Building on Leap Forward’s previous success in creating a wireless casino floor, the company is rolling out new technologies in an ever-larger way during 2014, opening the way for casino operators to quickly modify game play and opening the door for a multitude of applications for players on every machine to transform the gaming experience.

At the bare minimum, the introduction of wireless technology onto slot floors already has made life substantially easier for casino employees.

Bally Technologies, for instance, allows casino staffs to manage slots floors from their own mobile devices.

Staff can be immediately dispatched to deal with a machine problem — no more cruising the floor, looking for “help” lights — and managers can see machine-by-machine activity across the floor and spot hot players.

“It improves customer service and at the same time it reduces labor,” says Tom Doyle, vice president of product development with Bally Technologies in Reno. “We’re trying to do more and more to increase the player experience.”

Leap Forward Gaming expects to see installation of its technology on about 10,000 gaming machines in North America this year.
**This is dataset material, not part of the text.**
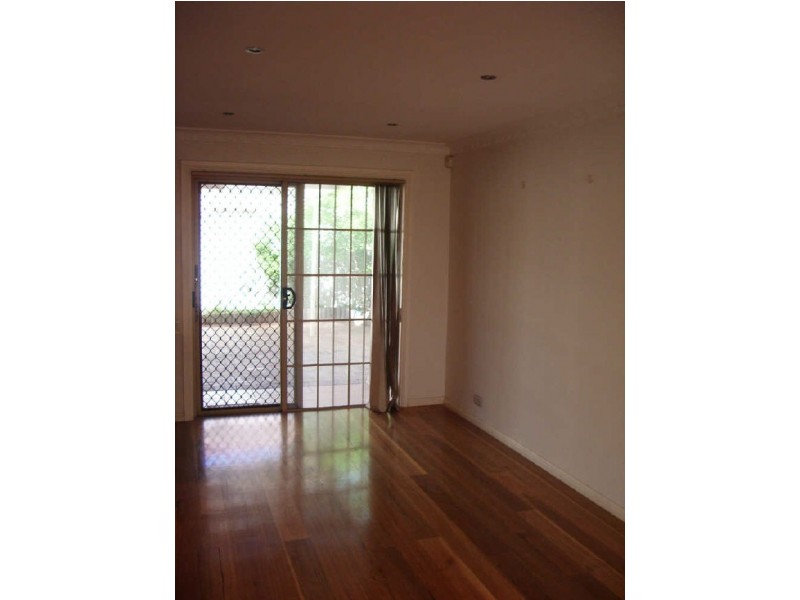 16/12 Turvey Street, Padstow NSW 2211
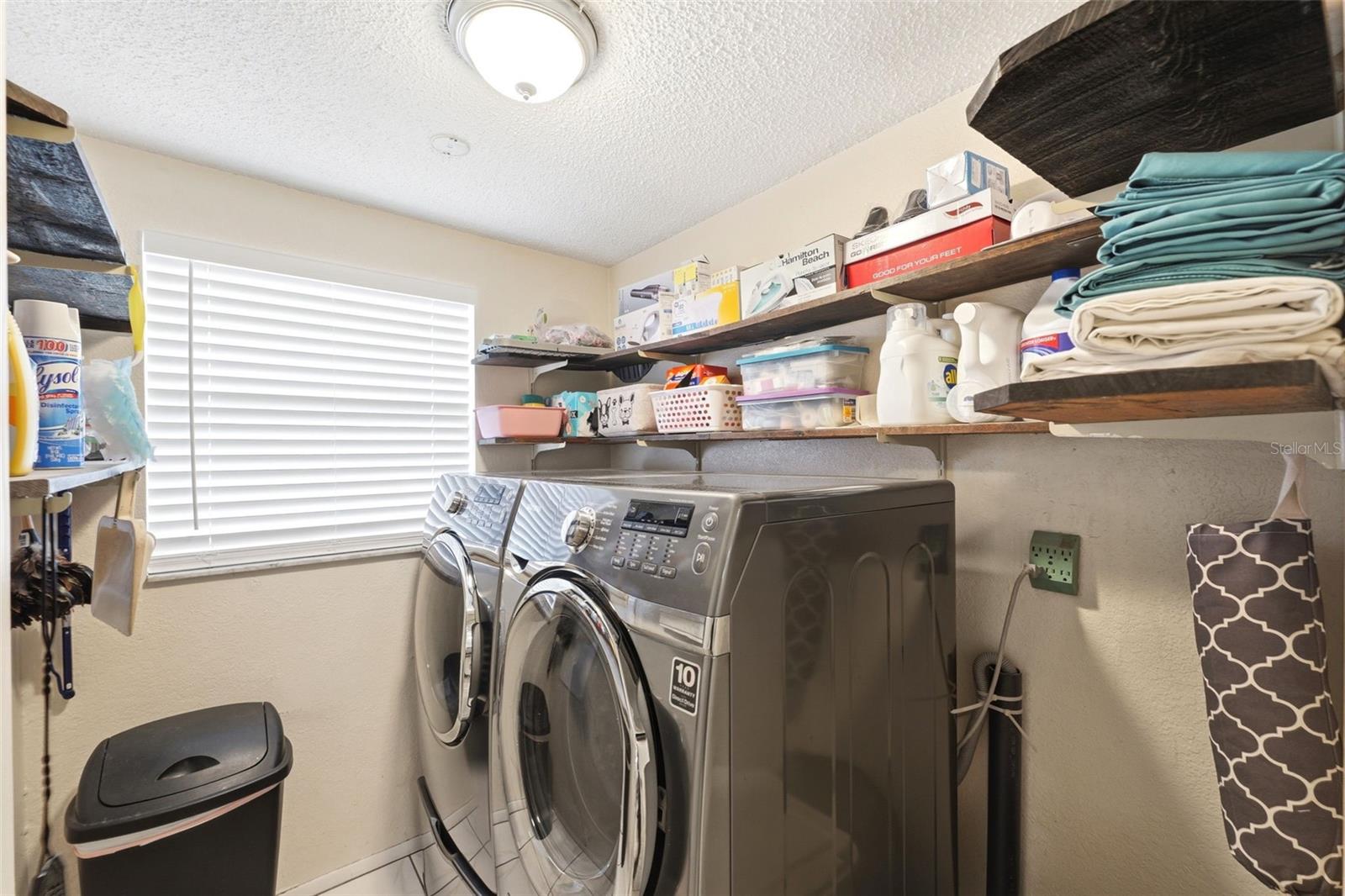 SEA PINES UNREC - Residential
Gaming operators, who otherwise face large costs to replace traditional slot-machine boxes, instead will remove that need when installing Leap Forward Gaming’s interface into existing machines on the floor.

Last year, Leap Forward’s multimedia Patron Display Interface — that’s a trademarked name — was named the industry’s top new technology for slot floors by Casino Enterprise Management magazine.

The cornerstone of the technology, Saffari says, is its patented “picture within a picture” system that can be used on all makes of existing machines to deliver games, couponing, bonusing, tournaments and marketing to players on both gaming machines and tables in real-time.

The foundation of the technology, he says, is its flexibility and functionality which allows content to be changed at a rapid pace. The open technology allows casino operators and third-party developers to develop custom applications.

But technology challenges are nothing new to Saffari, who worked more than two decades at International Game Technology before he launched Leap Forward Gaming in 2009. At IGT, he played leadership roles in the development of the company’s first wide-area progressive games such as MegaBucks, as well as the ticket-in, ticket-out technology that replaced buckets of coins.

The big sales push by Leap Forward Gaming this year follows successful tests at four properties, including Atlantis in Reno and the Wynn in Las Vegas, as well as installations in Macau.

The company employs about 30 people at its headquarters in South Meadows, all with substantial gaming experience.

“We have big ideas, but we’re not a big company,” explains Saffari.

Gaming properties that have tested the company’s wireless infrastructure are enthusiastic, but other casino operators are cautious. While the expense of adding wireless features to an existing machine are less than the cost of buying an entirely new box, it still represents an expense for casino operators who are still recovering from the recession.

Carlton Geer, president and chief executive of JA Nugget, says his executive team would want to take a long and careful look at protection of gaming data as it moves wirelessly around a casino.

But the elimination of cabling under a casino floor would allow quick relocation of a slot machine, Geer notes.

Given that a move of even a few feet one way or the other can affect the amount of play that a machine receives, easy relocation has been a dream of slots managers for years.

But relocation in a cabled casino floor is a major headache.

“It requires somebody with a strong back,” says Mike Jones, director of casino operations at Sands Regency Hotel & Casino. Taking a machine out of service while it’s moved adds to the cost, and then there’s the need to further disrupt things as cable is installed or moved.

The ability to quickly change out games is likely to provide yet another major selling point for wireless casino floors, Geer says.

But some gaming executives remain cautious. Tim Morton, director of casino marketing at the Sands, worries that some players might feel that marketing messages might be viewed by intrusive by some players. He worries, too, that some players might become so engrossed with all the other video activity on the screen in front of them that they play less — or not at all.

Still, Morton says that young, media-savvy players often are eager to embrace multi-feature gaming and expect it as part of their casino experience.